Она надела на голое тело порвавшееся по швам платье. Потом спокойно, не торопясь, взяла со стола сифон и с размаху шарахнула Карла по шее. Он даже не вскрикнул – рухнул, как сноп, а изо рта пошла отвратительная кровавая пена.
Ева, так же не торопясь, умылась. Лицо ее, немного распухшее от слез, выглядело не так уж плохо, как ей казалось. Она попудрилась, накрасила губы, подвела брови и расчесала волосы. Затем подняла с полу белый пушистый валик, украшавший ее прическу несколько часов назад, но, повертев его в руках, поморщилась и отошла от зеркала.
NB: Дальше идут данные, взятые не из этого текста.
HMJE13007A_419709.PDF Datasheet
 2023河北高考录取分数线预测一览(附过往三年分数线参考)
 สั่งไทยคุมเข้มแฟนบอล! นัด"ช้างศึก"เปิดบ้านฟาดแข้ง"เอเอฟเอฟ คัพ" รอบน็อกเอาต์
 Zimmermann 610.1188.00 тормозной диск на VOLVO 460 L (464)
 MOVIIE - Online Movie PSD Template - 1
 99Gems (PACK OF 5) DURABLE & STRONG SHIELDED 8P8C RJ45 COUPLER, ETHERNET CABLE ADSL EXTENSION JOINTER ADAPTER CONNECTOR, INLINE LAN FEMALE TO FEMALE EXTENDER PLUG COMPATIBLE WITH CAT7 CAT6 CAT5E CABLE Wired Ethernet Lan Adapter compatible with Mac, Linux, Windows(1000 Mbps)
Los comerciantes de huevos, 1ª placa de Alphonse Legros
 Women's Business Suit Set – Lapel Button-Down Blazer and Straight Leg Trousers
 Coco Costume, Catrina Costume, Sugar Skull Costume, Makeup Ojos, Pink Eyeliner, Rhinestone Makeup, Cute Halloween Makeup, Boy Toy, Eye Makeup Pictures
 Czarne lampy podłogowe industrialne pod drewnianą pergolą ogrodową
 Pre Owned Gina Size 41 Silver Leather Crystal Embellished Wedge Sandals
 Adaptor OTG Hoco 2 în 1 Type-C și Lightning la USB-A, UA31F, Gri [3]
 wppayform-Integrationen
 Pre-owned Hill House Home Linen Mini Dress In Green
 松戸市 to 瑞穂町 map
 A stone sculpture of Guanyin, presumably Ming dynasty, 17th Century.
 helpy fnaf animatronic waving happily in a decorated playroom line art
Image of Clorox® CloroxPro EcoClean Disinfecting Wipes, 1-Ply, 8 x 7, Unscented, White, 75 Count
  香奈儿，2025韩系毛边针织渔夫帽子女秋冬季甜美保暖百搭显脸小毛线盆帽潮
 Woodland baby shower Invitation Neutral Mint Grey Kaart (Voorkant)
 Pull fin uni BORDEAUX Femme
Ева собрала с пола обрывки одежды, свернула все в большой ком, открыла иллюминатор и выбросила вместе с пушистым белым валиком за борт. Оставив иллюминатор открытым, она перешагнула через дергающееся тело Карла и вышла из каюты. Ева шла босиком, держа туфли в руках, и чувствовала необычайную легкость оттого, что убила Карла. И теперь ей было все равно, что подумают полиция, врачи, команда корабля и пассажиры, когда узнают о том, что случилось в каюте Карла Шнайдера.
Теперь ей вообще было все равно.
ГЛАВА 21
31 декабря 1938 года, суббота.
Москва. Сокольники
Павел давно проснулся, но открывать глаза не хотелось. Надо же использовать хоть одно преимущество нынешнего положения! Раньше по утрам приходилось не просто просыпаться, а выскакивать из-под одеяла, с треском вырываясь из мира снов, чтобы тут же ворваться в сумбурную московскую толчею, которая, как река, вынесет к заводской проходной. Подобный подъем всегда казался Павлу болезненным. Другие ребята успевали еще физкультурой с утра заниматься, но, видно, контузия все-таки подорвала Павкино здоровье, для него ранний подъем был каторгой.